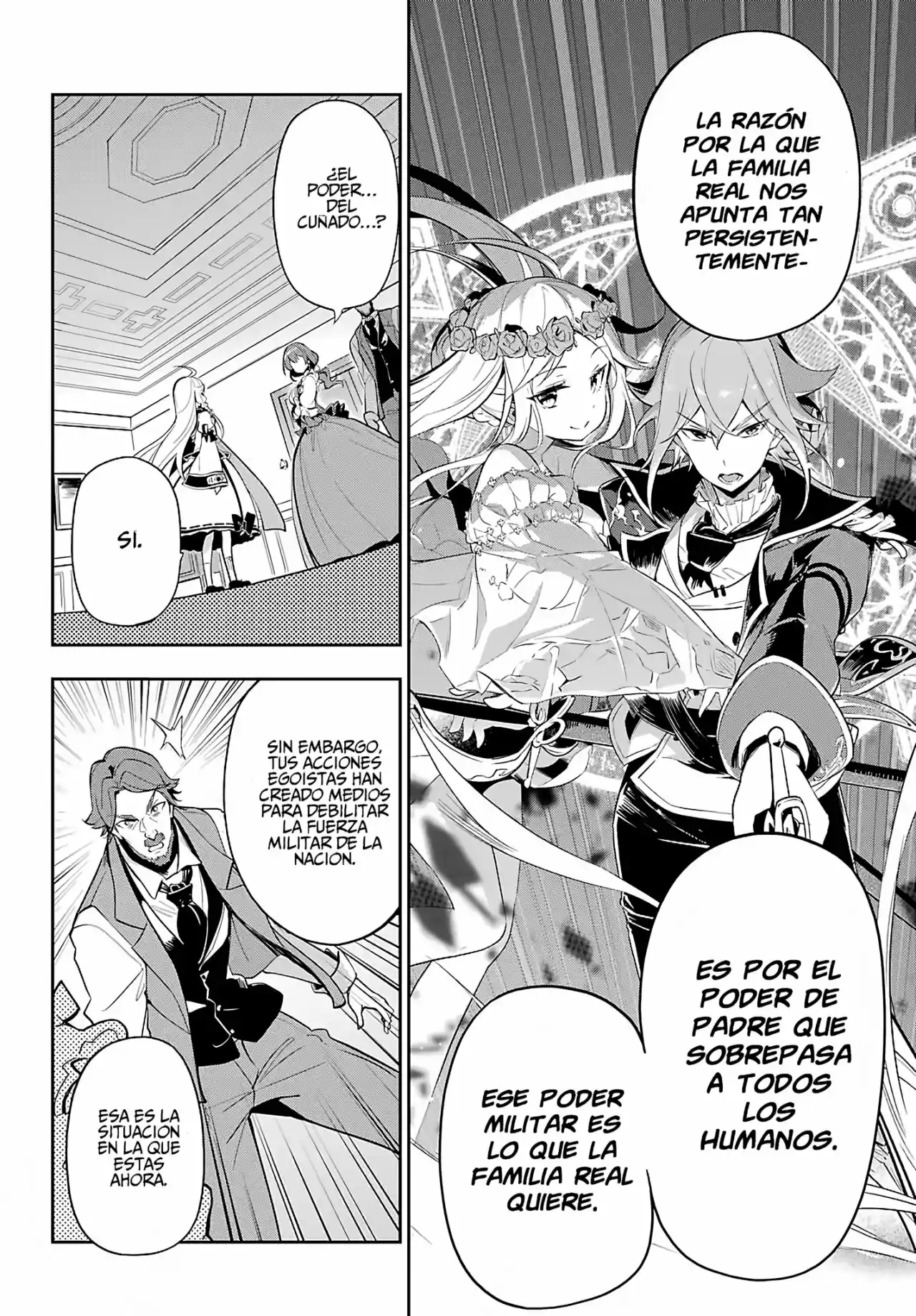 Chichi Wa Eiyū, Haha Wa Seirei, Musume No Watashi Wa Tensei-sha - Capítulo 15 - Página 9 - LectorTMOo
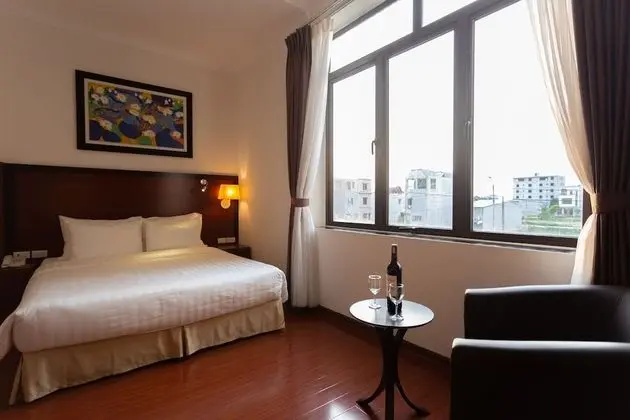 Deluxe Tek Büyük veya İki Ayrı Yataklı Oda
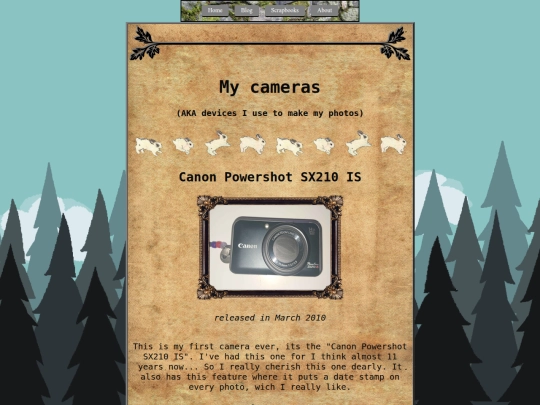 Cameras screenshot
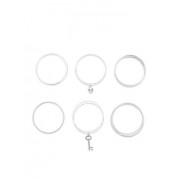 Plus Size Rhinestone Glitter Charm Bracelets Set of 12 - Narukvice - $6.99  ~ 6.00€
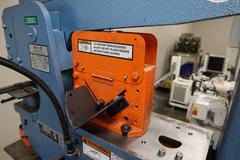 Scotchman 50514-EC 50 Ton Hydraulic Ironworker, Flat Shear, Angle Shear, Brake, Punch, Notcher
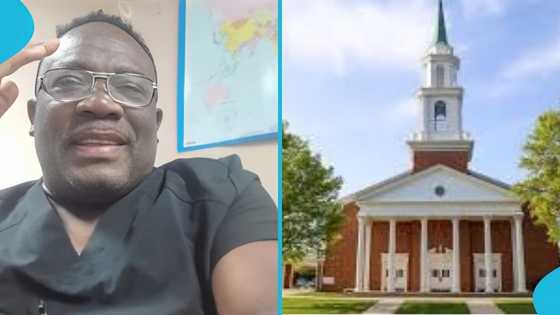 UK-based Ghanaian Apostle's iPhone snatched during live Prayer session, video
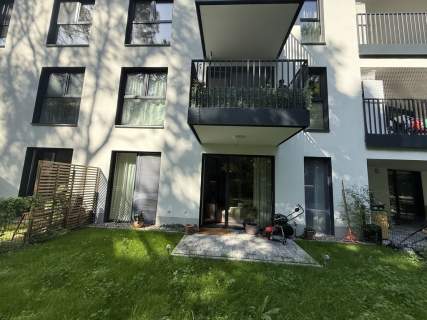 Apartament 56m, ogródek 80m, garaż na 2 auta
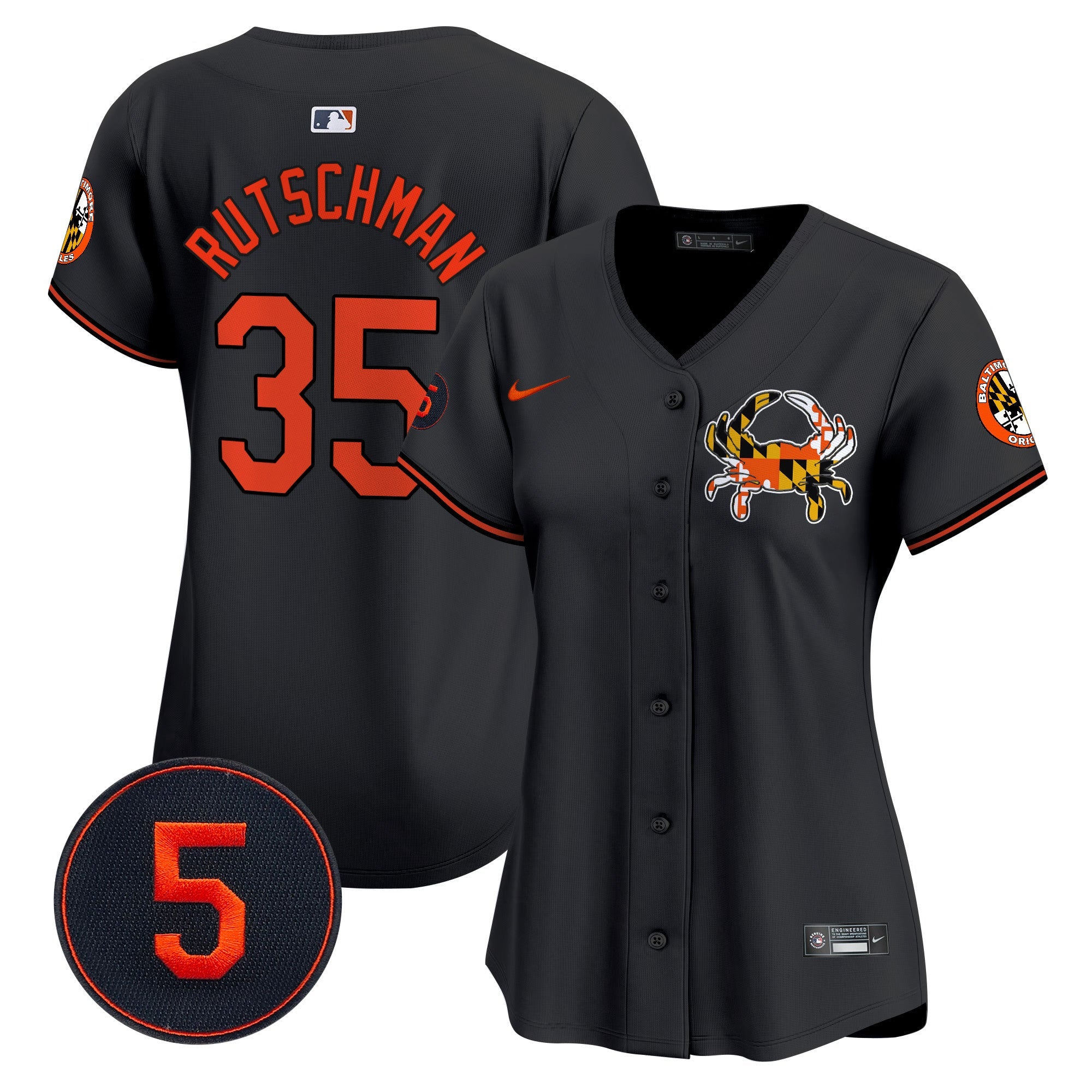 Women’s Baltimore Robinson Patch Vapor Premier Limited Jersey V3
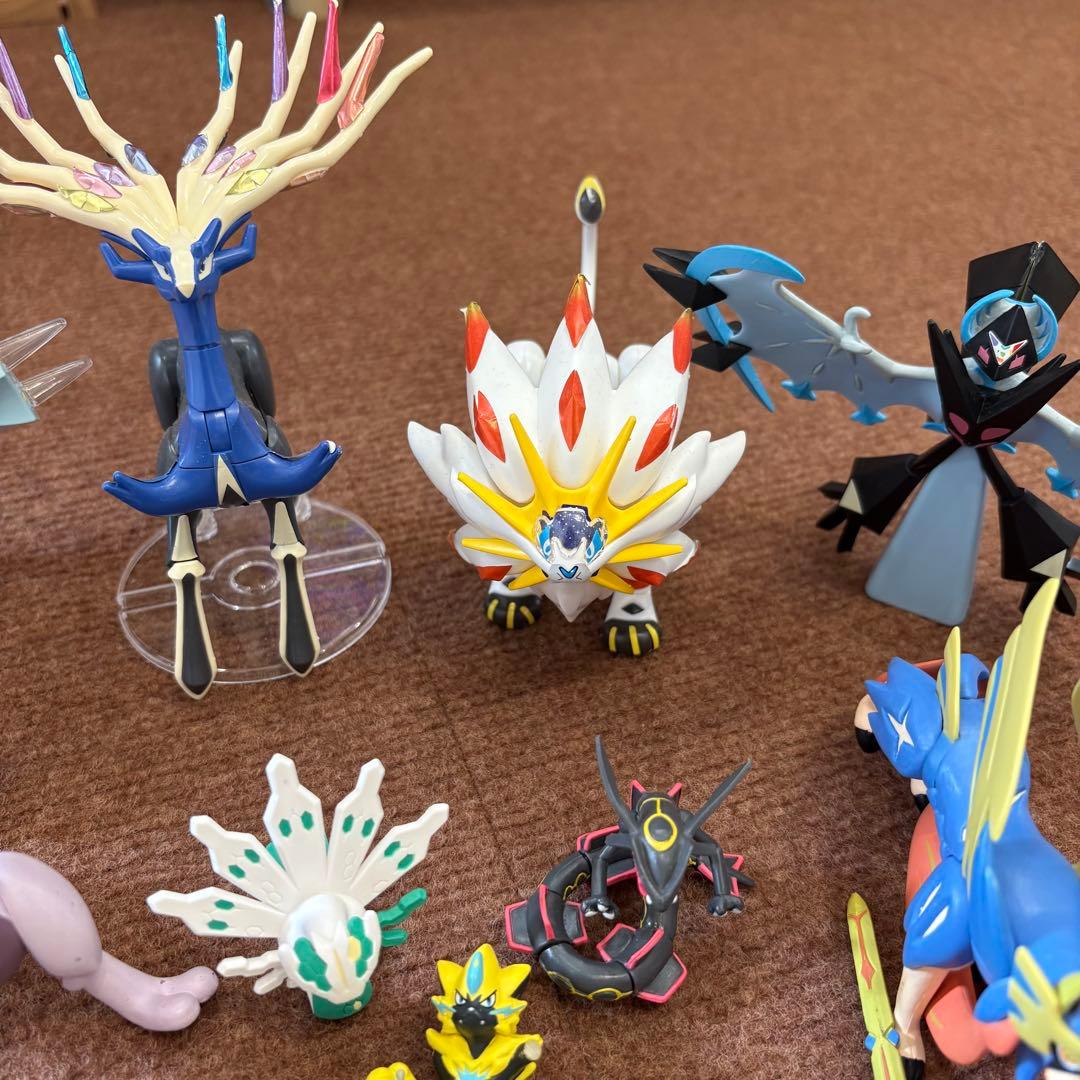 ポケモン モンコレ フィギュア プラモデル 食玩 おまけ付き - メルカリ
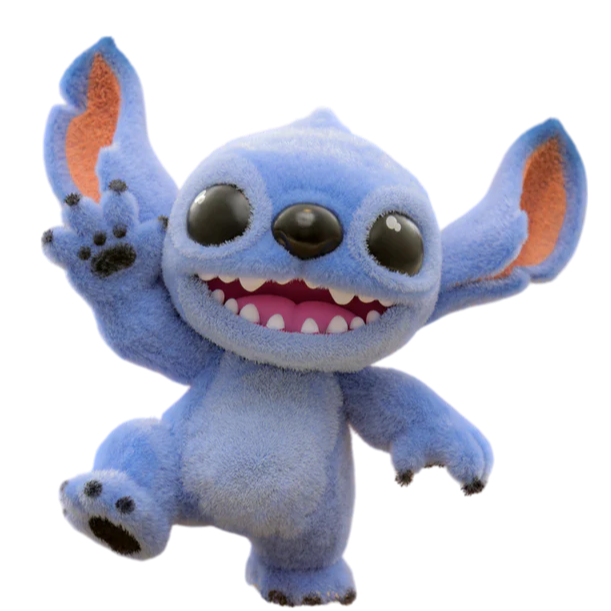 Stitch Cosbaby COSB1132 - Disney
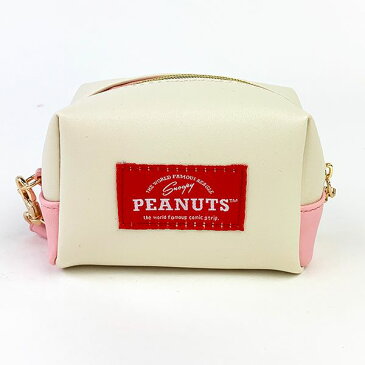 PEANUTS スヌーピー ミニミニポーチ ブック刺繍SN グッズ (MCOR)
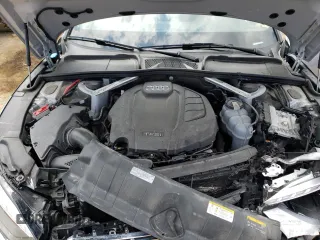 2020 Audi A5 Sportback Premium Plus with VIN WAUCNCF59LA020388, listed as a Copart auction lot 55458853 with 35,331 mi miles. Bid and sale history available at carsss.com. Image 11.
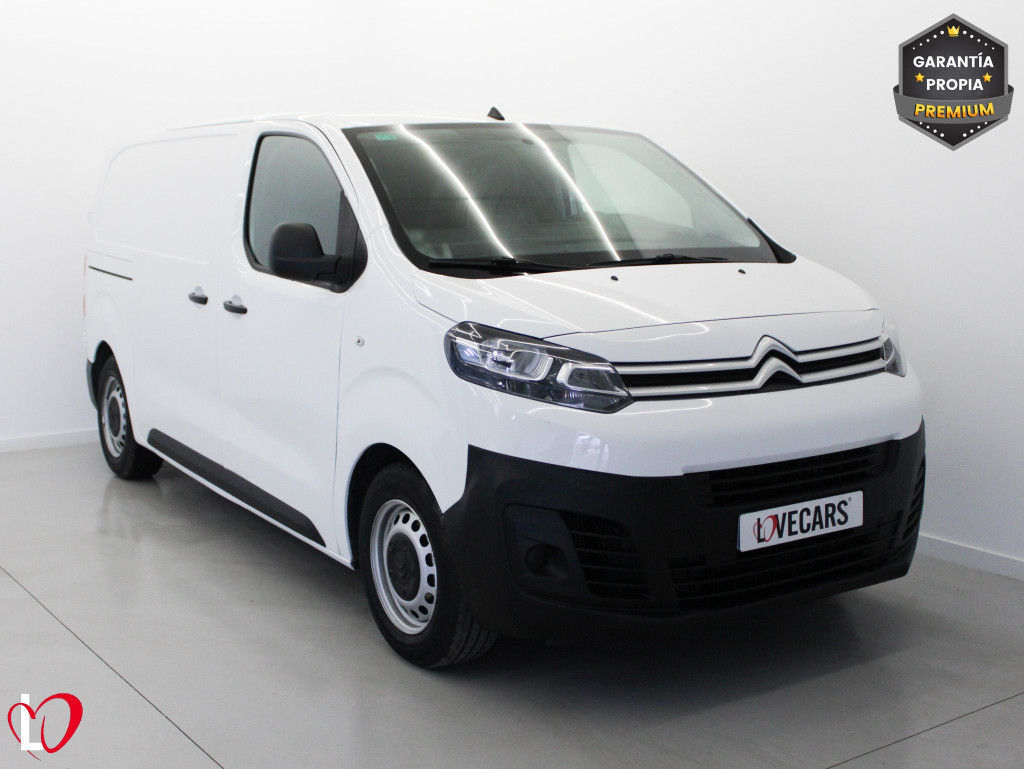 CITROEN JUMPY 1.5 BlueHDi FURGÓN ISOTERMO + EQUIPO FRIO 120 de segunda mano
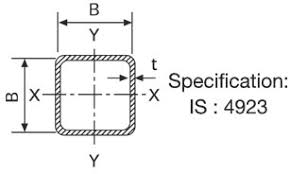 Tata Structura Engineer Hollow Section Weight Thickness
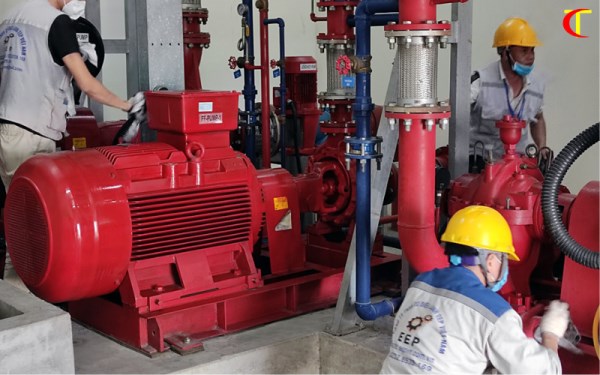 Bảo trì - bảo dưỡng hệ thống phòng cháy chữa cháy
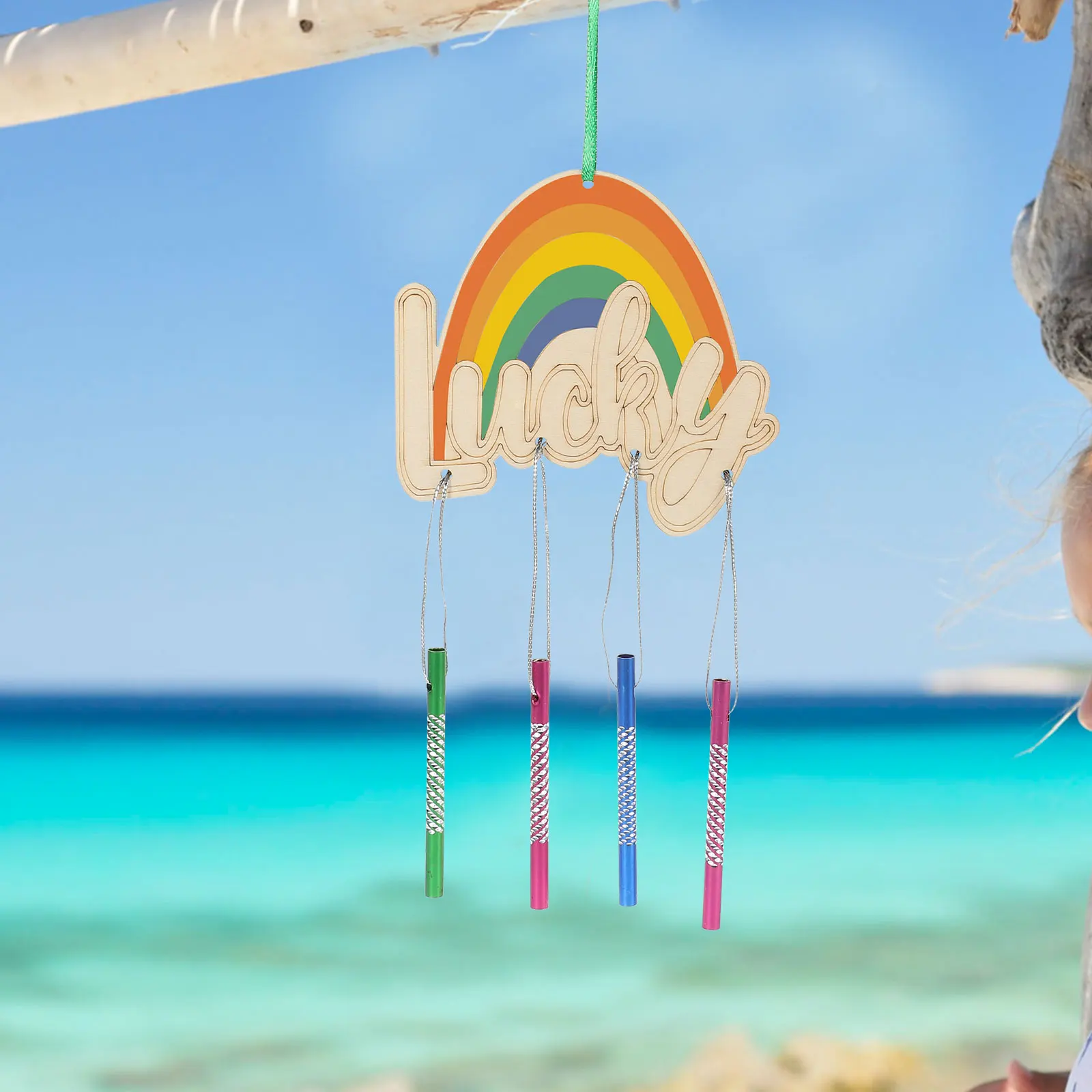 

50 Pcs Metal Aluminum Tube Wind Chime Tubes Thin Bulk Kit Hollow Chimes Windchime Tray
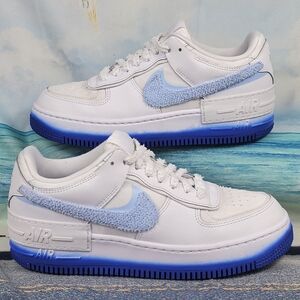 Nike Air Force 1 Shadow Chenille Swoosh Womens 9.5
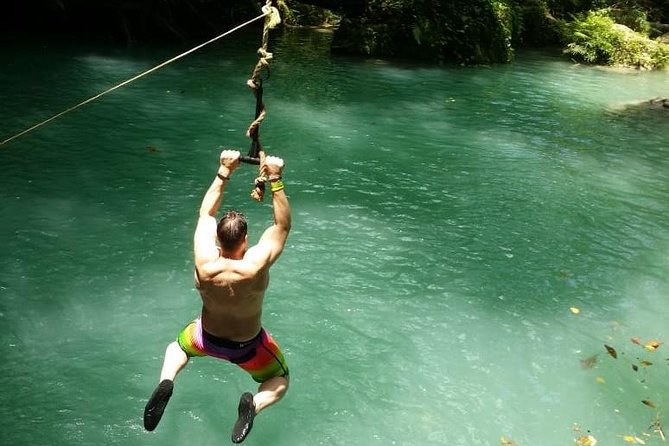 Blue Hole and Dunns River Falls Tour From Montego Bay - Dunns River Falls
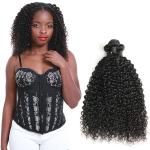 Genuine 9A Water Wave Crochet Hair , 100 Remy Water Wave Weave No Tangle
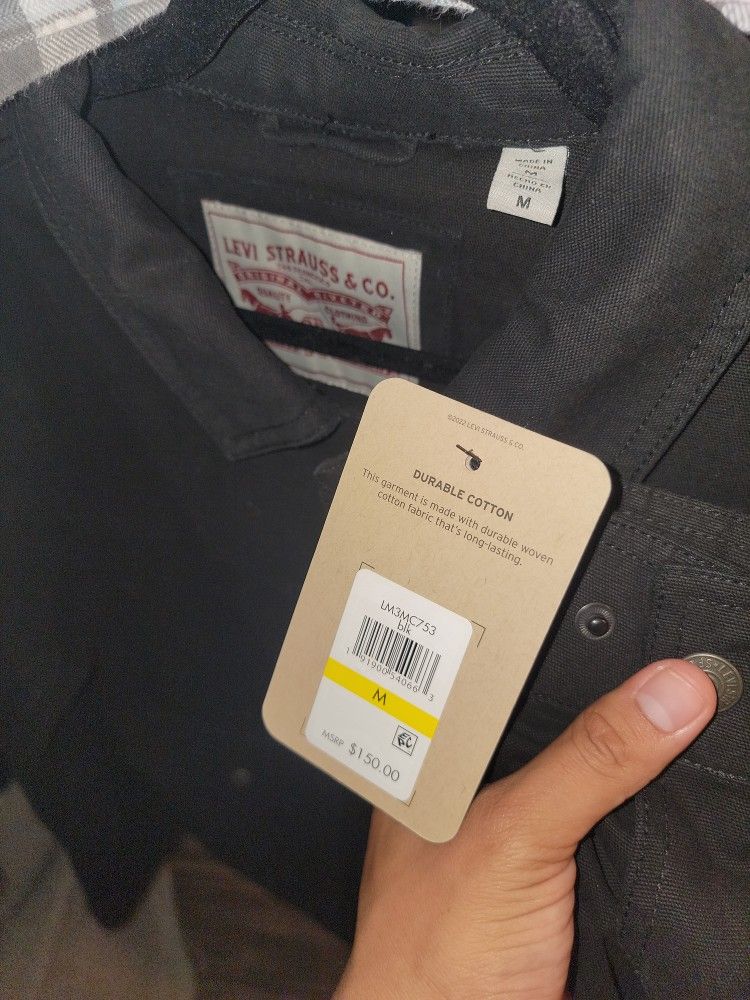 Levi's Black Trucker Jacket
───
What you are asked to do: An exact copy of all the data above is required; omit any pictures.

Answer for the task:
 Chichi Wa Eiyū, Haha Wa Seirei, Musume No Watashi Wa Tensei-sha - Capítulo 15 - Página 9 - LectorTMOo
 Deluxe Tek Büyük veya İki Ayrı Yataklı Oda
 Cameras screenshot
 Plus Size Rhinestone Glitter Charm Bracelets Set of 12 - Narukvice - $6.99  ~ 6.00€
 Scotchman 50514-EC 50 Ton Hydraulic Ironworker, Flat Shear, Angle Shear, Brake, Punch, Notcher
 UK-based Ghanaian Apostle's iPhone snatched during live Prayer session, video
 Apartament 56m, ogródek 80m, garaż na 2 auta
 Women’s Baltimore Robinson Patch Vapor Premier Limited Jersey V3
 ポケモン モンコレ フィギュア プラモデル 食玩 おまけ付き - メルカリ
 Stitch Cosbaby COSB1132 - Disney
 PEANUTS スヌーピー ミニミニポーチ ブック刺繍SN グッズ (MCOR)
 2020 Audi A5 Sportback Premium Plus with VIN WAUCNCF59LA020388, listed as a Copart auction lot 55458853 with 35,331 mi miles. Bid and sale history available at carsss.com. Image 11.
 CITROEN JUMPY 1.5 BlueHDi FURGÓN ISOTERMO + EQUIPO FRIO 120 de segunda mano
 Tata Structura Engineer Hollow Section Weight Thickness
 Bảo trì - bảo dưỡng hệ thống phòng cháy chữa cháy

50 Pcs Metal Aluminum Tube Wind Chime Tubes Thin Bulk Kit Hollow Chimes Windchime Tray
 Nike Air Force 1 Shadow Chenille Swoosh Womens 9.5
 Blue Hole and Dunns River Falls Tour From Montego Bay - Dunns River Falls
 Genuine 9A Water Wave Crochet Hair , 100 Remy Water Wave Weave No Tangle
 Levi's Black Trucker Jacket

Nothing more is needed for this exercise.